▶ _Work to be completed_
The records below are to be transcribed exactly from their first line to the line that has "Hey guys, welcome", inclusive, with every picture omitted.

▶ _Data supplied_
○ ○ ○

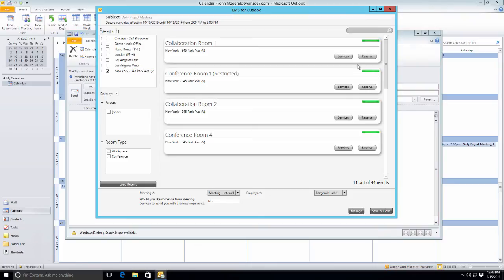First you'll notice that it's defaulted to the New York office because that's where all these people are based. From here they're presented with available rooms that they would like to meet in.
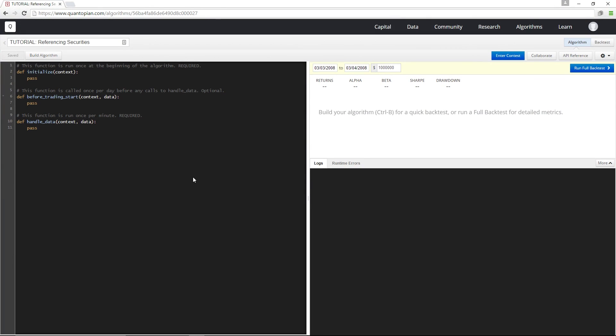Hey guys, welcome back. In this one I'm going to demonstrate how to reference securities on Quantopian. There are actually two ways to reference securities in the IDE, and the first one is the SID function. SID actually stands for Security ID.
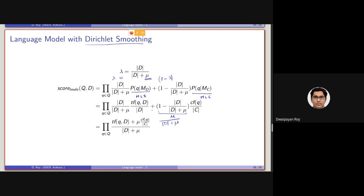Now, if we do the maths, we will be ending up with basically a form like this. In the denominator, we can see d plus mu is here. The d will cancel each other, and we will be ending up with tf of this term. And this mu will be basically multiplied with this probability of the term generation from the collection.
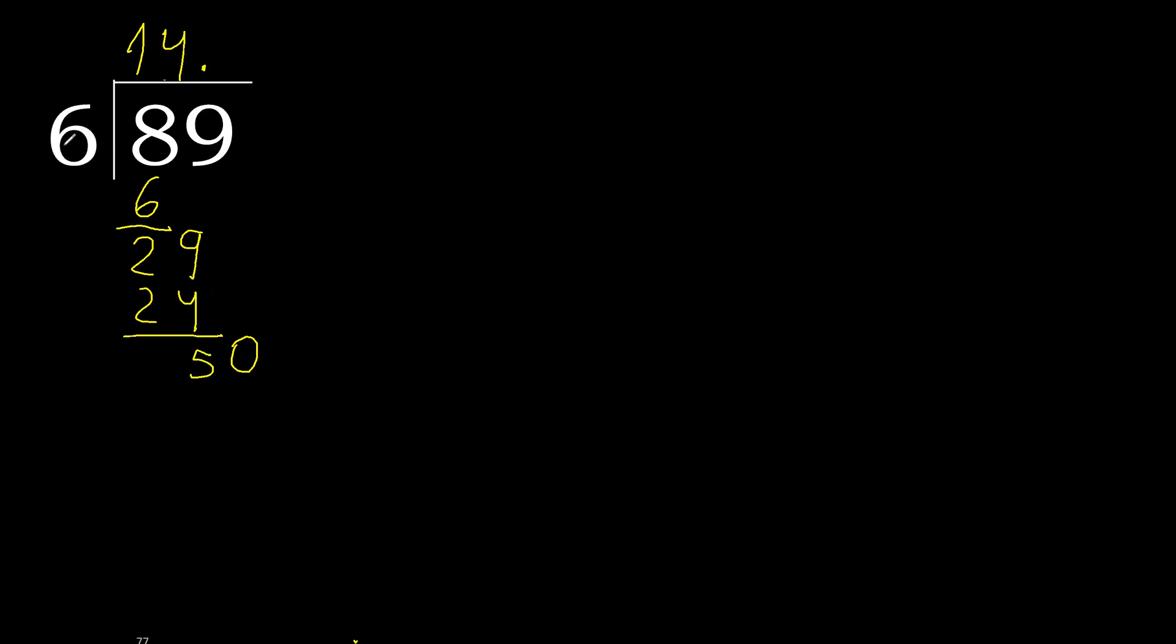50. 6 multiplied by 9 is greater. Multiply by 8, 48. Subtract, complete, 20.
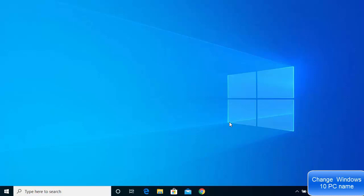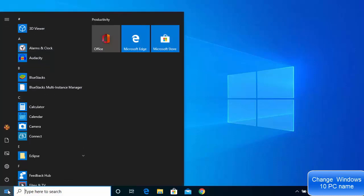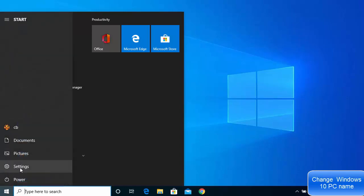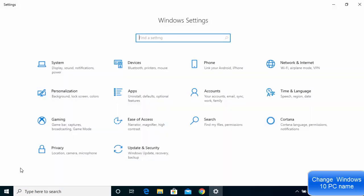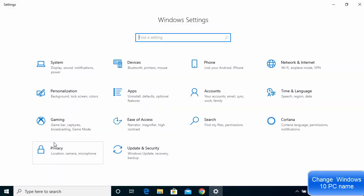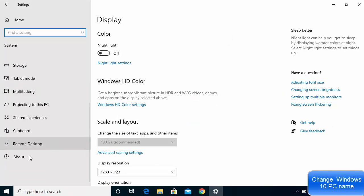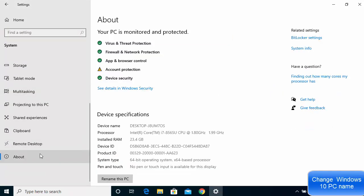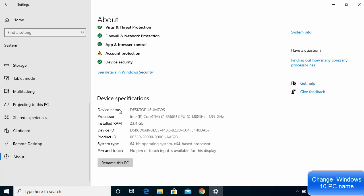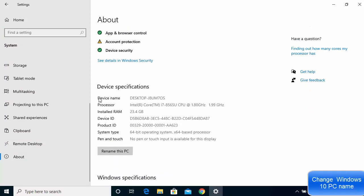First of all, click on your Windows start button and then click on the settings option. Then go to the system option and then go to about. Click on the about option and here you will be able to see the device name. This is your PC name or your computer name.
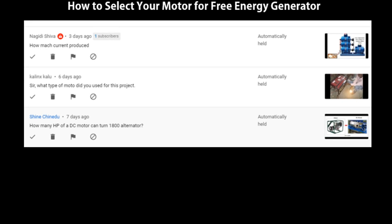Hello YouTube, welcome to Discovery World Channel. For some time now we'll be discussing how you can build a free energy generator. Last week we talked about the different components of the generator, based on a question asked by Mr. Jackson. We explained the different components and how you can make your free energy generator work. I also made a comparison of the motor, the alternator, and why some alternators are used for a particular purpose and others are not fit for that purpose.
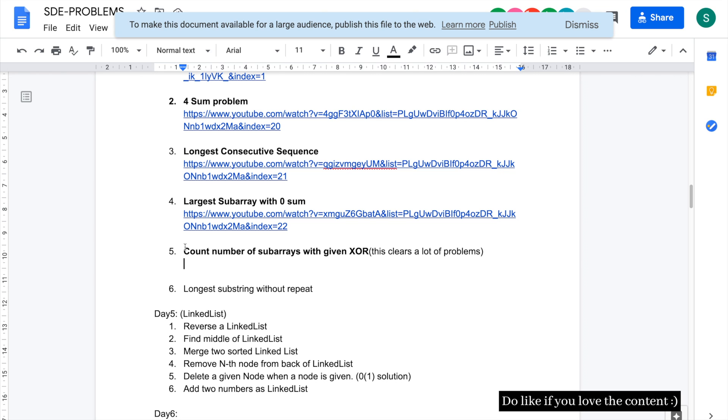Hey everyone, welcome back to the channel. Today we'll be solving this amazing problem: count number of subarrays with the given XOR.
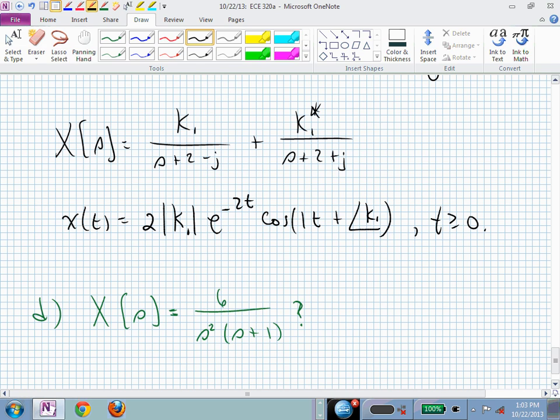For part d: if you look at s·X(s), the s in the numerator cancels one pole, but you still have a pole at the origin — that's on the imaginary axis and is not acceptable. So this is a no. In the time domain, this gives rise to a ramp in x(t), which goes unbounded and never reaches a finite value.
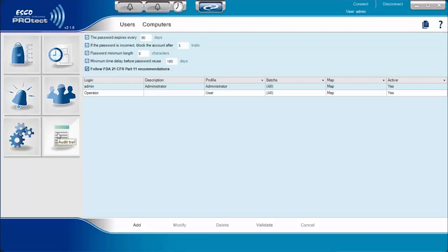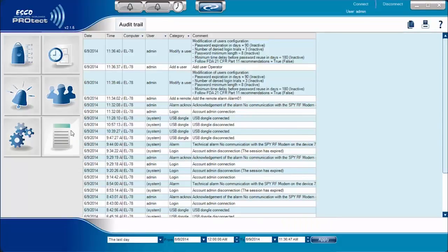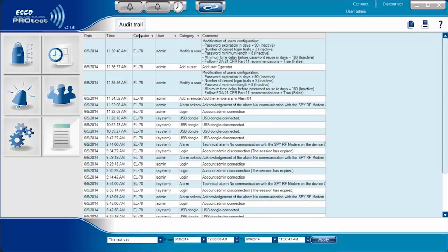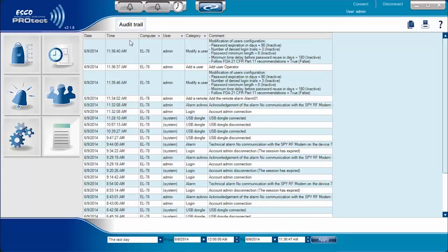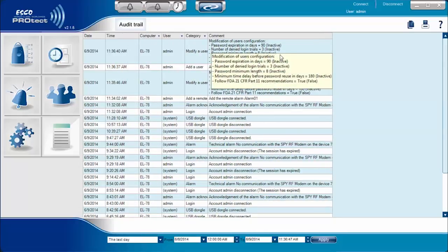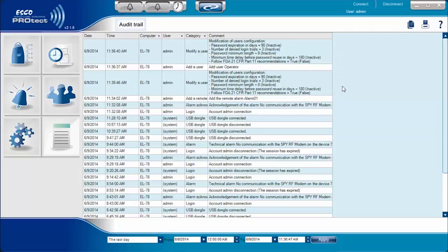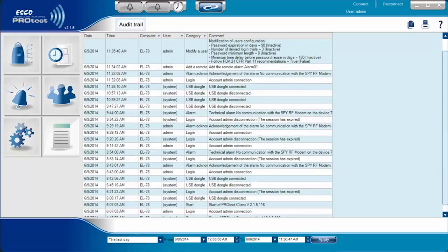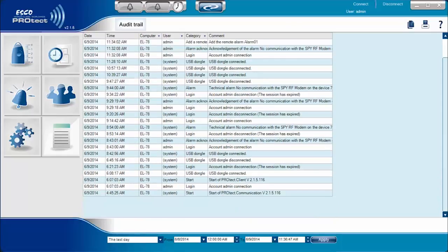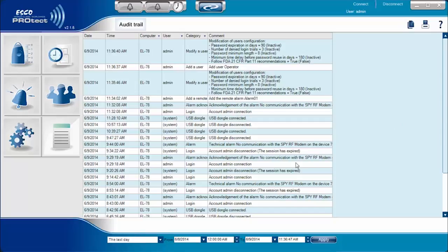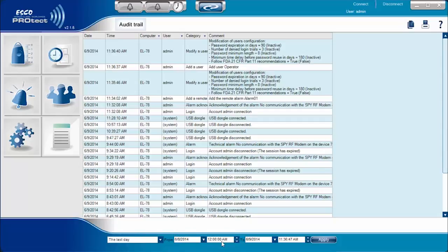The Audit Trail of ProTech is the informer of ProTech. It records all actions performed in ProTech, such as modification of configuration, log in, log out, and start of a client PC. This can also be sorted depending on several criteria such as sort by date, by user, by PC, or by event category.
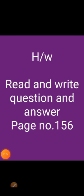Now it's time to take the homework. Read and write question and answer, page number 156. Write in your EBS homework notebook and send on WhatsApp. Thank you.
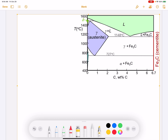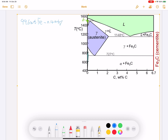Our question is for a steel alloy with a composition of 99.6 weight percentage of iron and 0.4 weight percentage of carbon, at a temperature just below the eutectoid temperature, which is 727 degrees C. According to these parameters, we could determine a point on a phase diagram.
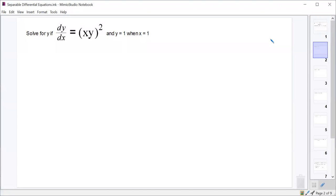We want to solve for y, which means we are looking for the solution to this differential equation: dy/dx equals (xy)², and we have an initial condition given to us that y is 1 when x is 1.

○ ○ ○

▶ _Your response_
First you'll notice that it's defaulted to the New York office because that's where all these people are based. From here they're presented with available rooms that they would like to meet in.
Hey guys, welcome back. In this one I'm going to demonstrate how to reference securities on Quantopian. There are actually two ways to reference securities in the IDE, and the first one is the SID function. SID actually stands for Security ID.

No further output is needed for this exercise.